2 minute read
My Heavenly Father
Wallace Alcorn

I experienced a distinction between my Father “which art in heaven” and my heavenly father. At a social gathering, our host broke the ice by asking each to answer her question: “How did you come to know God?” The accounts were earnest and credible testimonies as to how we came to accept Christ as our personal Savior. This is the way others took the suggestion because this is what the expression usually means.
But this is not how I took it. However the host meant it to be taken, something else came to my mind. While others reported truthfully and no doubt accurately what had been the occasion of their accepting Christ, I thought of the cause of my coming to know God.
In my case, the occasion of my decision to accept Christ might have been an October Saturday morning in 1939 in the balcony of the Tabernacle Baptist Church on West Wells Street in Milwaukee during “the invitation” in a child evangelism rally. Alternatively, it might have been the following morning at the end of the worship service at Garfield Avenue Baptist Church when I actually “went forward” at “the invitation.”
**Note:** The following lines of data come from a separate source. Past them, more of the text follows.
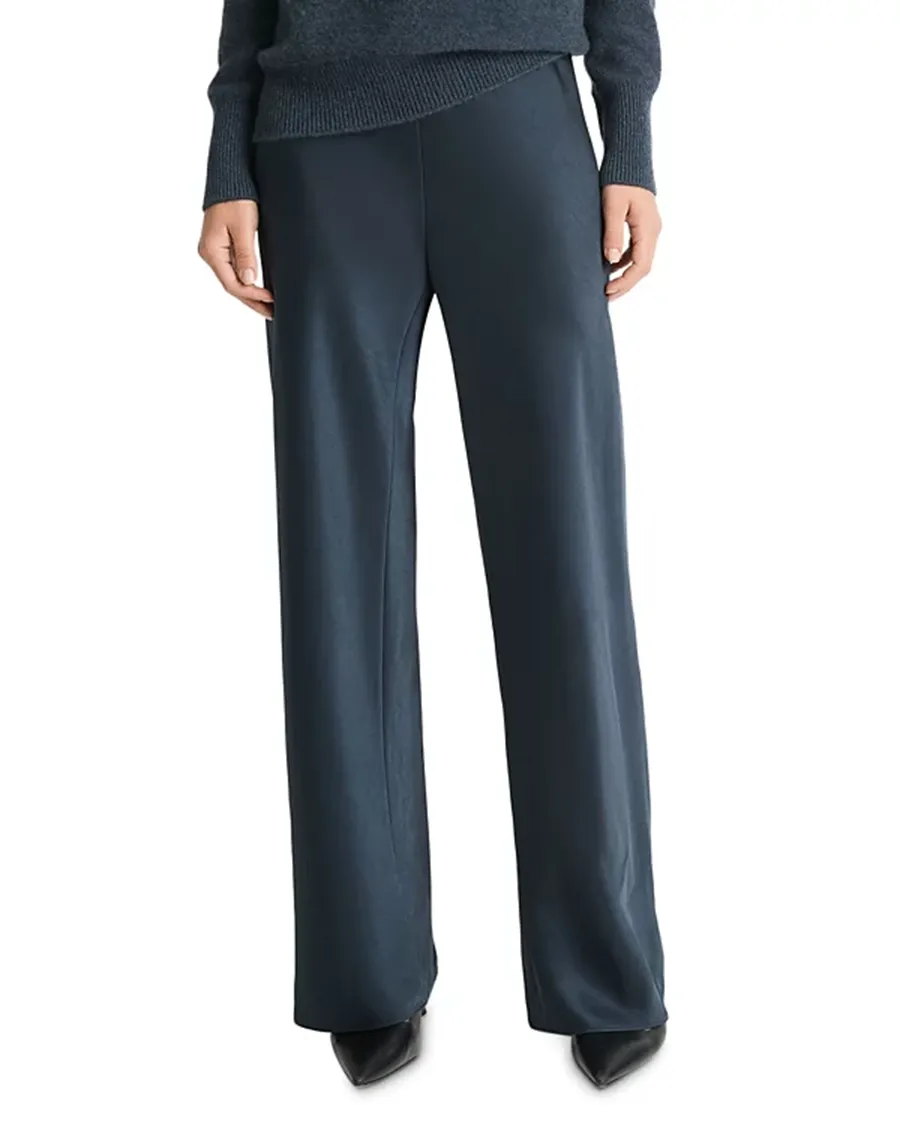 High Waist Fluid Bias Pants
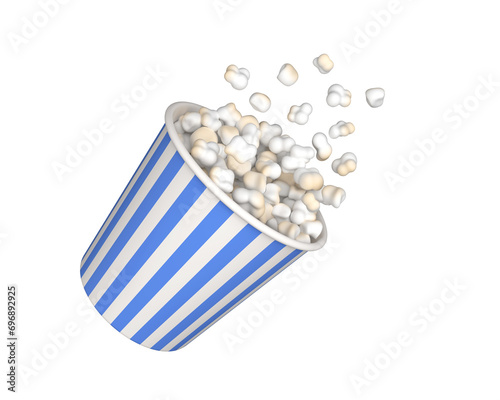 3d popcorn isolated on white background. 3d rendering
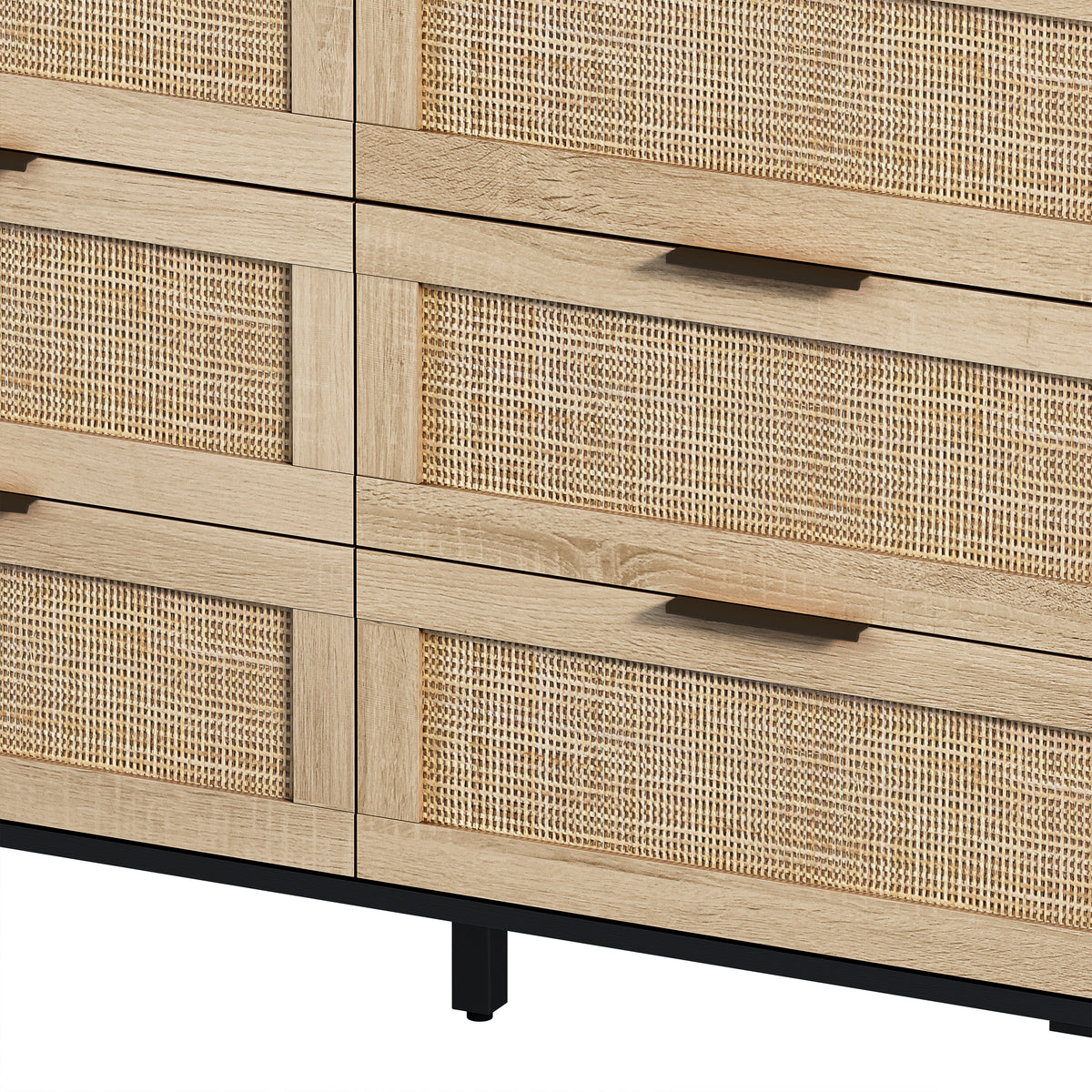 Nøordka Light Sideboard Default 45" Mid Century Modern Rattan Storage Cabinet with 6 Drawers with Dark Accents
The actual cause was different. In point of fact, neither of the 1939 events was actually even the occasion. I came to this realization gradually through the years of maturing spiritually. This is to say, as I learned (not only mentally but experientially) more about God, the gospel and myself.
The occasion of my accepting Christ was my upbringing in, first, my home on North First Street and, second, as supplemented by the ministry and fellowship of Garfield church. The cause (within this occasion) was the lives I observed my parents living and the lives I saw being lived by the people in our church. Narrowing the focus still further, it was my father who embodied our Father. It must have been one of those many times Dad and I had serious talks with a shared Bible between us. My father was god-for-me (see Ps 82:6; Jn 10:34) until I accepted God in his Son.
A colleague once came to me and unburdened an incident that both sobered and challenged him—and demonstrated this to me. As he had passed his young daughter doing her homework and wanting to ask his help, she looked up and began, “Dear heavenly…” Embarrassed, the girl tried to explain: “You know, Daddy, sometimes I don’t know if you’re daddy or Jesus.”
My father not only represented God to me but also, as far as I could recognize, modeled Christ for me. To hear me say this would have made him most uncomfortable because he was quite aware of the ways in which and at times when he was not much like Christ. Nonetheless, he was in many ways and at most times very like Jesus. When I heard the nature of God and the actions of God taught, I thought of my father. What is God like? He’s, well, like Dad. My initial understanding of God was my observations—and especially experience—of my father. He was a heaven-like father.
How did I come to know God? By knowing my father who knew God and lived a consistently godly life.
I have a strong suspicion that the majority of those who have accepted Jesus Christ as Savior came to know God because we saw him lived in some Christian believer. When we heard the gospel proclaimed, it made sense because of what we saw in that person or those people. Frequently, we don’t recognize this immediately, but it comes to us as we grow to know Christ better.
Make no mistake about it: It is the work of the Holy Spirit that we are saved. But part of that work was and is our seeing the Spirit working out salvation in that person. Perhaps the most effective evangelistic thing we can do is to be that person.